Twine Tries To Manage The Stream With New Coverflow-Like Design

What is the best way to sift through a stream of information? The list view seems to be the most popular because it is information-dense and easy to scan, but it can be overwhelming. More visually appealing ways to manage data are needed. Twine, a site which lets you collect and subscribe to different interest feeds, just introduced a new way to wade through its streams.

The new Flash visualization presents your stream of shared links as a deck of headlines which you can shuffle through (see video below). A slider along the bottom, lets you cycle through the deck by time, and arrows underneath let you move sequentially, or you can just click on a deck in the background to move it forward. If you want to learn more, you can flip each deck to read a snippet and link to the full detail page. The semantic tags associated with each item also show up on the side and can be clicked on to navigate through the deck.

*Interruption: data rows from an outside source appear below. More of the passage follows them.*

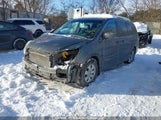 Honda Odyssey Ex-L 5FNRL38657B513538 снимка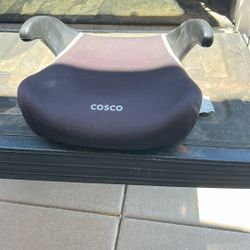 Booster Seat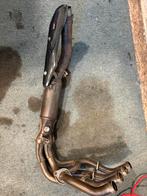 Uitlaat z900e zonder kat, Motoren, Motoren | Kawasaki, Sportuitlaat, 4 cilinders, 900 cc, Particulier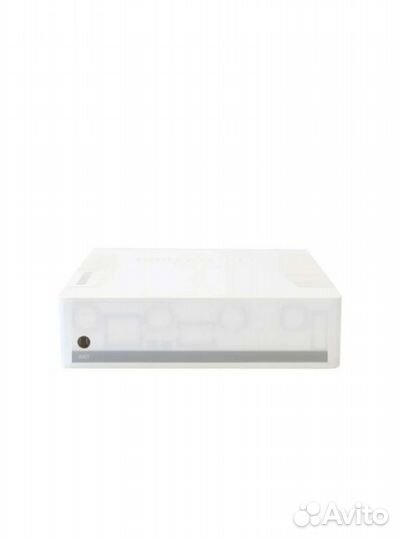 Роутер MikroTik RB951Ui-2HnD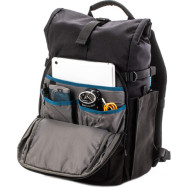 Рюкзак Tenba Fulton v2 16L Backpack Black- фото4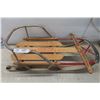 Image 1 : Kids Sleigh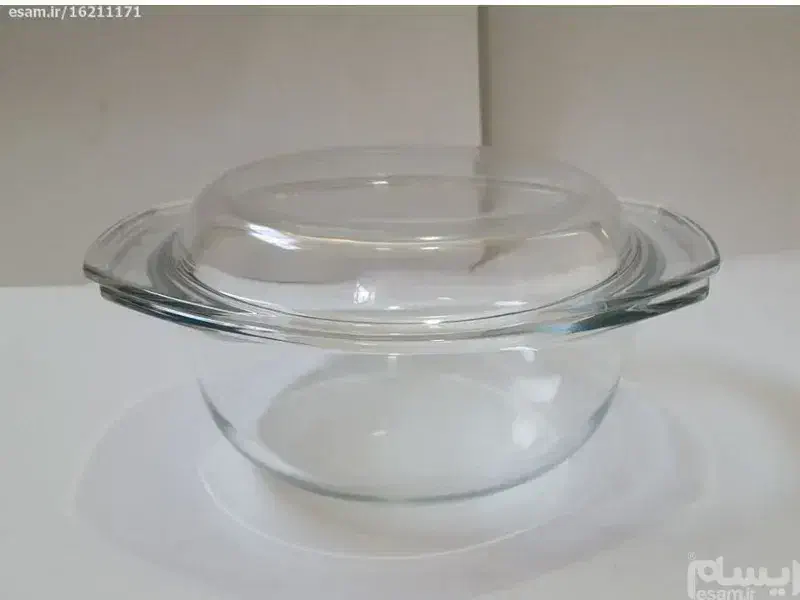 کریستال فرانسه و ایرانی پذیرایی|ظروف سرو و پذیرایی|نسیم‌شهر, |دیوار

It feels like Coverflow on Apple’s iTunes, except that you navigate through the deck front to back instead of side to side. It also reminds me of the deck metaphor on the new Palm Pre. I can definitely see this as a good UI for mobile apps as well where screen size is more constrained. Don’t worry, though, the regular list view is still an option.

My only problem with the visualization is that it takes a while to load (Flash, why do you torture me?). But other than that, it makes sifting through each feed seem more like channel-surfing in the way that SearchMe does for search results and music search or StumbleVideo does for Web videos. But there must be a better way to wade through the stream. What is it?